Blinded by the Light Real Story: Sarfraz Manzoor & Javed

blinded by the light real story

Getty Sarfraz Manzoor with Bruce Springsteen, Springsteen's wife, and the actor who plays him.

In Blinded By the Light, a Pakistani teenager named Javed finds his own voice through the music of Bruce Springsteen. At the end of the movie, it’s revealed that the story is a true one, and viewers are treated to photos of the real “Javed,” his friend, and The Boss. (Warning: There will be spoilers in this article.)

In fact, the real story behind Blinded By the Light tracks closely with the Big Screen version, albeit with a few key changes. In real life, Javed is a journalist named Sarfraz Manzoor (you can follow him on Twitter here.) The movie was based on Manzoor’s book, Greetings From Bury Park.

In the movie, Javed chafes against the dictates of his traditional and conservative Pakistani father against the backdrop of 1987 small-town England (Luton), Margaret Thatcher’s politics, and far-right discrimination. Enter Bruce Springsteen, whom Javed, a high school student, discovers when a friend hands him a cassette tape. Although American, Springsteen’s odes to the working class, work ethic, fatherhood, and family speak to Javed and, eventually, to his dad, who turns up in his suit every day to a job centre that never seems to offer jobs.

Manzoor wrote in his memoir: “Having stumbled in the dark for so long, on that September night, I was blinded by the light. That night Bruce Springsteen changed my life.”

Here’s what you need to know about the true story:


The Movie Takes a Few Liberties With Sarfraz Manzoor’s Life

The movie deviates from the real story in a couple key ways. According to Screen Rant, Javed was a name Manzoor’s mother gave him before his father switched it to Sarfraz.

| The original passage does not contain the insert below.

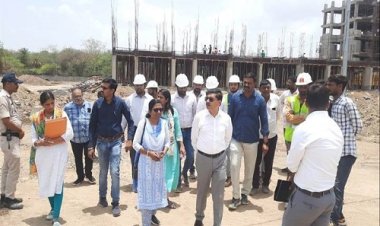 BIG NEWS: नीमच में निर्माणधीन मेडिकल कॉलेज को लेकर बड़ा अपडेट, जिला कलेक्टर सहित पहुंचे कई अधिकारी, निरीक्षण कर लिया जायजा, क्या होगा जून 2024 में...! पढ़े ये खबर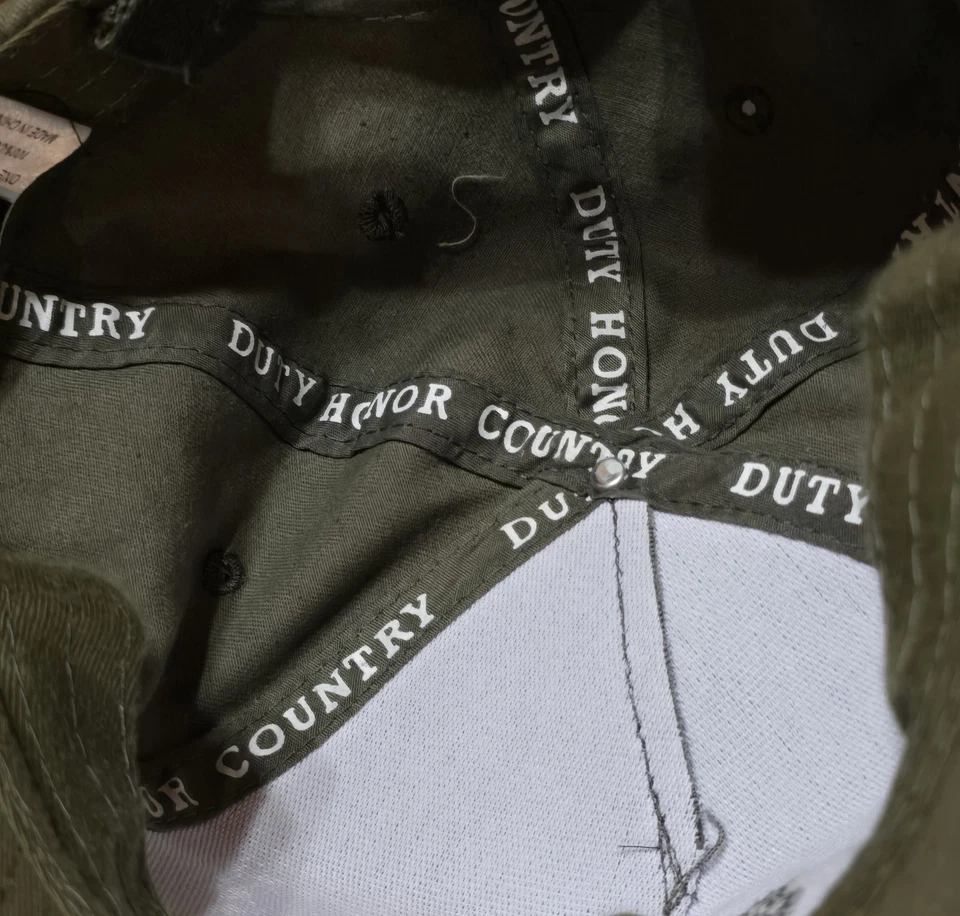 Sombrero Reina Metals Of America - Logo Cresta - Gorra Militar Foto 4 de 4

However, unlike the movie, Manzoor didn’t first discover Springsteen’s music with a hurricane raging outside, and he actually went to the Springsteen concert. In the movie, Javed’s father tears up his tickets.

One key way the movie, by director Gurinder Chadha, differs from real life: Javed’s girlfriend, who plays a pivotal role in the film, is made up. Manzoor explained to Screen Rant: “In real life, I was literally not allowed to leave the house until I went to university at 18 – not just in the evenings; I never, ever went out. So, the idea of having a girlfriend? I would have been slaughtered. No way. But Gurinder was like, ‘C’mon, we’ve got to give this guy a girl. We’ve got to cheer him up a little bit.’ So, he’s got a girlfriend, which I didn’t have.”

Writing about the movie for the Guardian, Manzoor wrote that he really did have a friend who introduced him to the music. “When I first ran into Amolak he had his headphones on, and when I asked what he was listening to he told me it was Bruce Springsteen. When I queried his music taste he told me Bruce was a direct line to all that was true in this world,” he wrote.

Of the movie, he wrote, “Set in 1987, it revisits my teenage years and much of it is directly based on real events. O ne unlikely consequence of this is that my teenage friendship with Amolak has now been immortalised – not something either of us could have imagined in our wildest dreams.” In the movie, Amolak goes by the name Roops.


Springsteen Read Manzoor’s Book in Real Life

The Hindu explains that Bruce Springsteen, in real life, read Manzoor’s book. Manzoor was writing for the Guardian but his contract was not renewed, so he focused on turning his memoir into a screenplay and then sent it to Springsteen, asking to use the songs.

Springsteen gave the go ahead, showed up at the premiere, and once even handed Manzoor his guitar while changing his shirt at a concert, Hindu reports.

Manzoor explained to the Hindu which messages he wants audiences to take from the movie, saying, “This film is saying that art, music, words do not respect borders of race, religion, nationalities. In a way this is a message of hope, cross-cultural and cross-national unity and one of the reasons why this film is picking up so much is because it’s a message that people are desperate to get because it feels so hopeless.”


Sarfraz Manzoor Has Found Success as a Writer & Broadcaster

According to the Guardian, Sarfraz Manzoor has lived out his fictional version’s dreams of becoming a journalist. “Sarfraz Manzoor is a journalist, author, documentary maker and broadcaster,” his Guardian author page explains.

His BBC biography reports, “Sarfraz Manzoor has presented many documentaries for Radio 4 as well as contributing to programmes on cultural questions and chairing Saturday Review.”

He did in fact grow up in Luton. The bio reports: “Born in a village outside Lahore in Pakistan, he came to Britain in 1974. He grew up in Luton where he attended comprehensive school and sixth form college before being seduced by the gritty charms of Manchester, where he studied economics and politics at the city’s university.”

He has worked for Channel 4 News, Radio 4, BBC2, and has written for the Guardian. His memoir was published in 2007.